Lake trout is a freshwater fish and member of the Char family. They are mainly sourced from Northern Lakes in the USA and Canada.
Lake trout caught in Lake Superior's Minnesota waters with set gillnets or trap nets is a "Best Choice." The population is still recovering from historical declines, but overfishing is not occurring. In addition, there are no bycatch concerns.
Lake trout caught in Lake Superior's Wisconsin waters with set gillnets or trap nets is on the "Avoid" list. The population is still recovering, and overfishing may be occurring. In addition, the catch of other species that are in decline or recovery is a serious concern.

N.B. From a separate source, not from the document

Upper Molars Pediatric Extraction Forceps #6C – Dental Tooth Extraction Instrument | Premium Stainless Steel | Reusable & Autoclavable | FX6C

All other Seafood Watch-assessed sources of lake trout caught in the Great Lakes are "Good Alternatives." The Lake Huron population is depleted, but rehabilitation efforts are underway. The Lake Michigan population is historically depleted and still heavily maintained through stocking; however, the fisheries are not impeding lake trout’s recovery. In Lake Superior, there's concern about overfishing in Canadian waters due to unlicensed fishing in part of the lake. All fisheries also catch other species that are in recovery and some catch species that are in decline.
The flaky flesh, which can be either pink or ivory in color should be handled in similar ways to salmon. This elegant and versatile ingredient takes well to sous vide, sautée, oven roast and grill applications. Take caution not to mask its flavor with excessive garnishes or sauces.